Jefferies & Co. repriced $86 million of Philadelphia Municipal Authority city agreement revenue refunding bonds, rated A2 by Moody’s and A-minus by Standard & Poor’s.

Yields ranged from 0.40% with a 1.25% coupon in 2014 to 2.37% with a 5% coupon in 2018. Yields were lowered between two and five basis points from preliminary pricing.

Jefferies also priced $100 million of Suffolk County, N.Y., tax anticipation notes, rated SP-1 by Standard & Poor’s and F-1 by Fitch. The notes yielded 0.55% with a 2% coupon in 2014.

In the competitive market, Bank of America Merrill Lynch won the bid for $115 million of Palm Beach County, Fla., School District TANs, rated MIG-1 by Moody’s. The notes yielded 0.12% with a 4.5% coupon in 2014.

In the secondary market, trades compiled by data provider Markit showed strengthening.

Yields on Lower Colorado River Authority, Texas, 5s of 2021 slipped seven basis points to 3.16% and University of Illinois 4s of 2032 fell two basis points to 5.18%.

Yields on New Britain, Conn., 5s of 2021 and New York City Municipal Water Finance Authority 5.5s of 2040 fell two basis points each to 3.30% and 4.48%, respectively.

Yields on Ohio’s Buckeye Tobacco Settlement Financing Authority 5.125s of 2024 and California Statewide Communities Development Authority 5s of 2043 fell one basis point each to 8.47% and 5.44%, respectively.

On Wednesday, yields on the triple-A Municipal Market Data scale ended as much as four basis points firmer. The 10-year yield fell four basis points to 2.95% and the 30-year yield dropped two basis points to 4.46%. The two-year was steady at 0.43% for the 40th straight session.

Yields on the Municipal Market Advisors scale ended as much as three basis points lower. The 10-year and 30-year yields fell two basis points each to 3.10% and 4.57%, respectively. The two-year closed unchanged at 0.55% for the 19th session.

Treasuries posted gains Wednesday, erasing Tuesday’s losses. The benchmark 10-year yield slid four basis points to 2.92%. The two-year and 30-year yields fell three basis points each to 0.45% and 3.86%, respectively.

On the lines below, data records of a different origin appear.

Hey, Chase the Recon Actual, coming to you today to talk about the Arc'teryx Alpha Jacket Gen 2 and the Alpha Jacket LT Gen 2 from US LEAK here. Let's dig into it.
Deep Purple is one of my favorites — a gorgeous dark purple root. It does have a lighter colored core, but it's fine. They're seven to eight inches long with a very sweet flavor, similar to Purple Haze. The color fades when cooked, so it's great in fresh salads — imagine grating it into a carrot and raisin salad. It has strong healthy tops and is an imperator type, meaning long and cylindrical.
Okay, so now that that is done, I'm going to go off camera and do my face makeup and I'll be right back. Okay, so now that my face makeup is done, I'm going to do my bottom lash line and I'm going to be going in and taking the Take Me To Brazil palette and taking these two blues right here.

Looking to the Federal Open Market Committee meeting announcement next Wednesday, many economists believe the Fed will start tapering its $85 billion-a-month bond purchasing program.

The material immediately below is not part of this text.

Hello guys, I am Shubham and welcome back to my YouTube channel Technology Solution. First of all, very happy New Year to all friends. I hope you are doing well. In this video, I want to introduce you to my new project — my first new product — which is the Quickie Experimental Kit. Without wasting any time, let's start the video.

“The tepid labor data likely creates some trepidation for the Fed as we move towards the September FOMC meeting,” said Dan Heckman, senior fixed-income strategist at U.S. Bank Wealth Management, referring to Friday’s worse-than-expected employment report. “We continue to expect the Fed to begin tapering of quantitative easing at the September meeting by scaling back monthly bond buying in the range of $10 to $15 billion. In our view, the Fed’s concerns regarding diminishing returns from further asset purchases outweighs their consternation stemming from consecutive lukewarm employment reports.”

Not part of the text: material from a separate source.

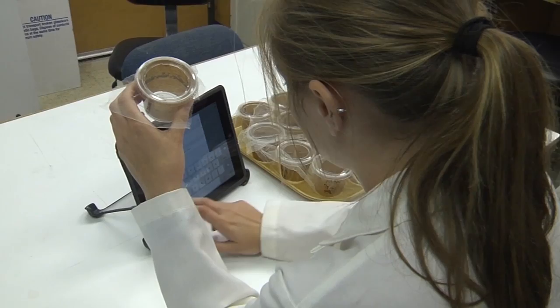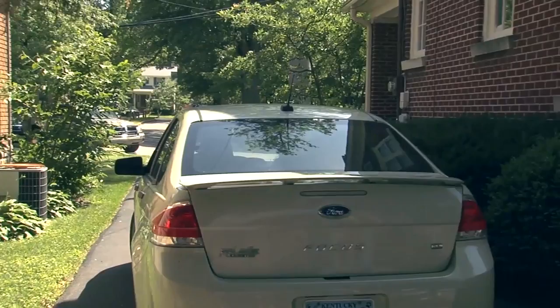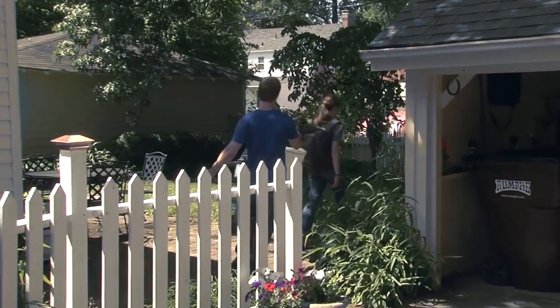To get it out of the lab and into the field where it can actually help people, we've been working with the Von Allman Center here at the University of Kentucky. They've been very helpful in taking the technology and moving it into the field. We started in small cages, moved to larger cages, then to field cages, and in each case it worked very well at suppressing and eliminating the population.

“Over the near term, we anticipate interest rate volatility will remain close to current levels and higher than what we have generally observed over the past couple of years,” he said. Within munis, muni-to-Treasury ratios “may remain near current levels over the coming trading sessions as supply is expected to be approximately 100% of the 2013 weekly average.”